Drei Tage nehmen sie Karten auf, versuchen herauszufinden, was für ein Blatt der Gegner hat, und lassen sich nichts anmerken, wenn sie miese Farben haben. Dann verlässt Pokerprobot das virtuelle Kasino mit 100000 Dollar in der Tasche. Doch freuen über den Gewinn kann er sich nicht. Dies tut um so heftiger sein Programmierer Hilton Givens, der nun das Preisgeld des ersten Pokerwettbewerbs in der Tasche hat, der nur von Software-Spielern, sogenannten Bots, bestritten wurde.
Gegen echte Pokerexperten hätten die zockenden Progrämmchen allerdings versagt. Sowohl Pokerprobot als auch der zweitplatzierte Catfish von Brian Edwards haben während des Wettbewerbs eigenartige Pokerstrategien entwickelt. So seien sie bei schlechten Karten mitgegangen. «Steig aus, mein Junge, steig aus!», will Givens gebeten haben. Doch sein pokernder Bot hat munter weitergespielt.

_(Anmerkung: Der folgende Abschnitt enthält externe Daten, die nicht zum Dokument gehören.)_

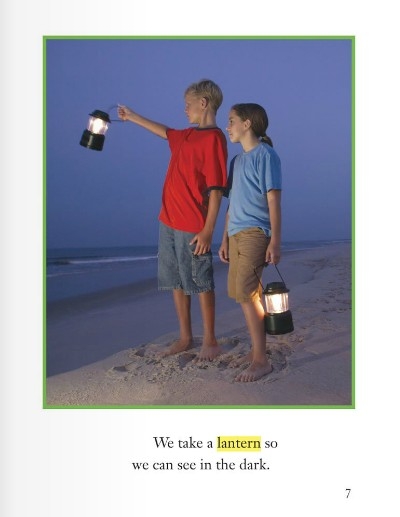 少儿英语学单词二年级 第5课:我们去野营去吧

Dass das Programmieren eines Pokerbots keine triviale Angelegenheit ist, weiss auch Jonathan Schaeffer, Professor an der Universität von Alberta in Kanada. Seine Computer Poker Research Group und er versuchen bereits seit Jahren einen leistungsfähigen Zocker aus Bits und Bytes zu zimmern. «Poker ist im Gegensatz zu Schach kein Spiel, bei dem alle Informationen auf dem Tisch liegen», erklärt Schaeffer. Beim Pokern ist gerade entscheidend, dass der Spieler das Blatt des Gegners nicht kennt, es aber auf Grund von dessen Verhalten zu erahnen sucht. Umgekehrt darf der Zocker seinerseits um keinen Preis seine Gegner wissen lassen, ob er gute oder schlechte Karten hat. Während alle Bots kein Problem haben, ein eisernes «Pokerface» aufzusetzen, fehlt es ihnen bislang an Intuition. Dieses Gespür sei schliesslich ausschlaggebend für den guten und erfolgreichen Spieler, meint Schaeffer. «Das Problem ist es dabei für das Programm, sich ein Bild des Gegners zu machen und dessen Strategie zu erraten», sagt er.
Der Kanadier und sein Team versuchen, diese Gabe durch künstliche Intelligenz zu ersetzen. Ihr Software-Zocker Poki beobachtet dabei die Spielzüge seiner menschlichen Gegner über mehrere Partien hinweg und merkt sich in der Folge, bei welchen Kartenkombinationen sich sein Gegenüber wie verhält. Laut Schaeffer ist sein Programm mittlerweile so gut, dass es gegen professionelle Zocker gewinnen kann.
«Allerdings springt dabei noch nicht das grosse Geld heraus», meint Schaeffer. Denn Poki rechnet und spielt äusserst defensiv. Das Irrationale geht ihm dabei ab. «Aber genau dies wollen wir unserem Software-Spieler beibringen», meint er.
Ziel von Schaeffers Team ist es denn auch, nicht von Reno bis Las Vegas alle Online-Casinos auszunehmen, sondern ihre Erkenntnisse beim Schreiben der Poker-Algorithmen auf andere Situationen, die «wie im richtigen Leben» ablaufen, umzumünzen. So schwebt dem Kanadier ein Bot vor, der wie auf einem Bazar handeln kann. Die Softwarestücke könnten somit auf einen Autohändler losgelassen werden, um herauszufinden, wo das tiefste Gebot liegt, bei dem dieser mit knirschenden Zähnen doch noch zum Verkauf einlenkt. Auch im rauhen Wettbewerb von Firmen könnten solche Bots bei der Einschätzung der Konkurrenz behilflich sein, hoffen die Ka-nadier.